Client-side and disconnected evaluation. The disclosure's client-side architecture computes the UID and evaluates similarity against a locally cached, cryptographically signed corpus fragment and policy object without transmitting the raw artifact, which suits build agents and air-gapped or intermittently connected pipelines where signed corpus fragments and policy objects are verifiable offline.
Bulk resolution for ingestion pipelines. The protocol's bulk mode routes a batch of candidate UIDs to their bands in parallel, fitting registry-scale ingestion and continuous-integration flows that must resolve many artifacts per request.

Boundary Conditions

The disclosure supports binary-object identity through one normalization recipe and a stated comparison property; it does not assert that structural identity replaces cryptographic signing, reproducible-build verification, or formal SBOM standards. Those remain complementary, and the disclosure positions its identity as derived from content rather than embedded in or attached to it, not as a substitute for authority-based trust.

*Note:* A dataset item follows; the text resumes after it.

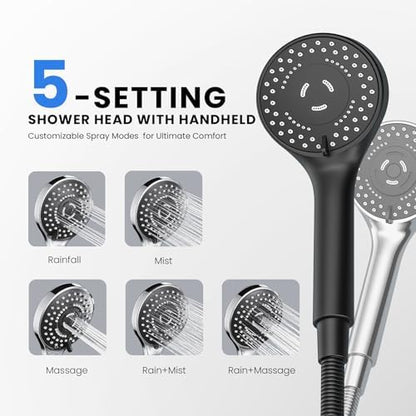 Black Rain Shower Head with Handheld Shower Head, 5 Spray Modes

The comparison guarantee is bounded. The disclosure describes stability under controlled transformations within defined thresholds and predictable divergence as variance-shifting mutations occur; it states that binary-object UIDs support cosine-similarity comparison across recompiled, repacked, or partially patched variants, but it does not claim invariance to arbitrary obfuscation, deliberate adversarial restructuring of a binary, or transformations that materially alter byte-level structure. Slope proximity is a structural signal subject to policy-declared continuity and similarity thresholds, and lineage edges are candidate links confirmed under anchor quorum, not authorship or ownership findings.

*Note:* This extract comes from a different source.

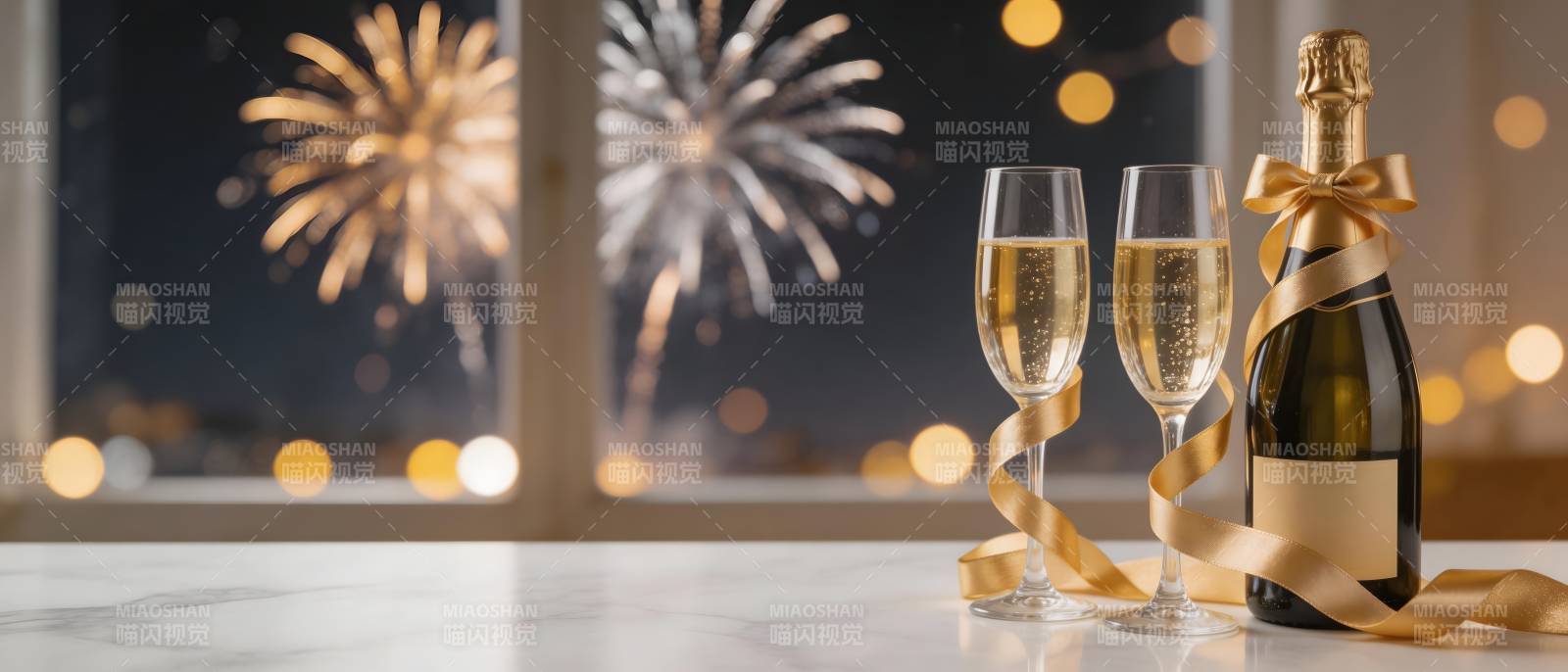 烟花夜 香槟庆新年图片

No performance numbers are claimed here because the specification states none for binary throughput or detection rates. The variance-band thresholds, the canonical resolutions, and the hashing scales recited above are the disclosure's own parameters for the general pipeline; the byte-domain normalization reuses that pipeline. Domain framing such as SBOM practice, code signing, and registry publication is external context describing where the mechanism plugs in, not additional disclosed technology.

Disclosure Scope

The technical mechanisms described in this article are disclosed in PCT International Application No. PCT/US26/28630, including the multi-axis variance vector, the binary-object normalization that reshapes a byte stream into a scalar field and computes sliding-window byte variance, byte-frequency entropy, and structural-section profiles for portable executable, executable and linkable format, and archive structures, the cosine-similarity comparison across recompiled, repacked, and partially patched variants, the multi-root lineage and version history records, the UID resolution query protocol with its orphan mode, the pre-release admissibility engine evaluating signed versioned policy objects, and the client-side and bulk-resolution architectures. All references in this article to software supply-chain practice, SBOM frameworks, code signing, container and firmware distribution, and registry publication are external domain and regulatory context provided to show how the disclosed invention composes with an existing field; they are not claims of the application and do not extend the disclosure. Claims to binary-object support are limited to the extent the specification discloses them, and nothing here should be read to assert structural identity beyond the byte-domain normalization and comparison properties the specification recites.